Get Up and Walk · Week 1 · Tuesday
What He Said in the Driveway
His college-age son came home for the weekend. They sat in the garage that night with two beers and the kind of quiet a father knows means something is coming.
The son said it without looking at him.
“Dad, do you remember what you said to me before regionals? In front of my friends?”
He remembered.
The Old Defense
The first instinct is to defend. To rewrite the story right there in the garage. “You don’t remember it the way it happened.” “I was under a lot of pressure that week.” “You guys were giving me a hard time.” Most of us know the script. We’ve used it on our wives, our kids, our brothers, and most often on ourselves.
The old voice fires up immediately. You blew it. You’re a bad father. He’s right and now everybody knows. This is where most men either flip the table or shut down. Both reactions come from the same place. The man at the table starts believing he doesn’t deserve to be there.
Biblical Backdrop
Mephibosheth grew up under a story he didn’t write. His grandfather Saul had tried to murder David. His father Jonathan had died in a battle his grandfather started. By every cultural measure, Mephibosheth should have been killed when David took the throne. Ancient kings cleaned house. Kept no rivals.
So when the messenger came to Lo-debar, Mephibosheth had every reason to expect either execution or a transactional bargain, sign here, give up these claims, swear your loyalty, kiss the ring. He walked into the throne room as a man already bracing for the verdict.
What he found there was a covenant.
David didn’t ask Mephibosheth to defend himself. He didn’t ask him to explain his grandfather. He didn’t even ask him to deserve the chair. The chair was already pulled out, because of a promise made before the lame man could walk.
The Third Option
The dad puts his beer down. Looks at his son. “You’re right. That wasn’t who I wanted to be that day. I’m sorry.”

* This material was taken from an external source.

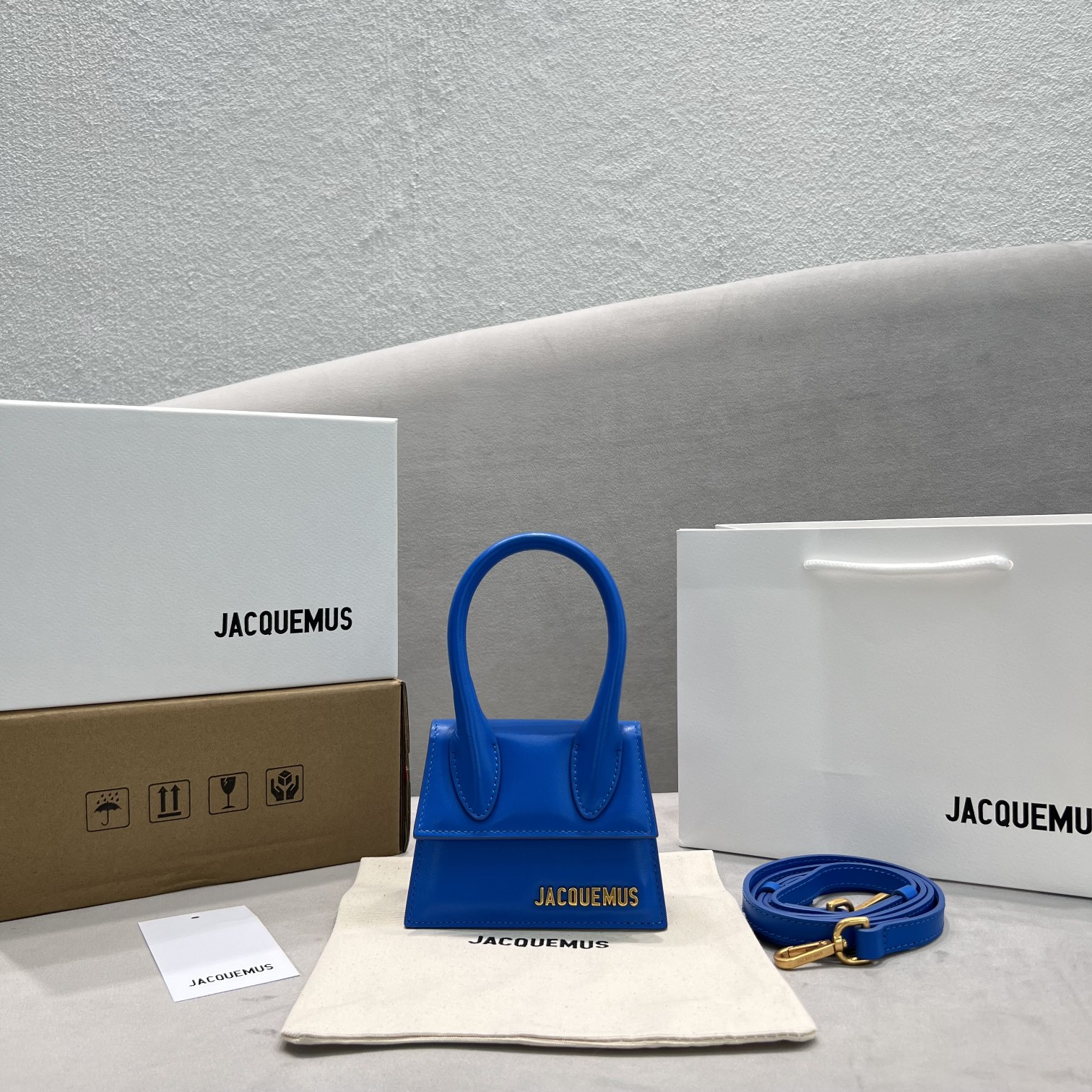 Jacquemus modello: 2102 12x8x5cm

He doesn’t explain. He doesn’t justify. He doesn’t make the boy reassure him. He just sits in the truth.
This is the third option most fathers never know they have. It is not flipping the table. It is not shutting down. It is letting your old failure live in the same room as the table without trying to fight it off. The covenant doesn’t depend on you being right. The covenant depends on a King who already kept his word.
Most of the men at the King’s table are still lame. That’s the point.
The dead dog gets up and walks because the King already pulled out the chair. And sometimes the chair is the one your grown son pulls out for you in a garage.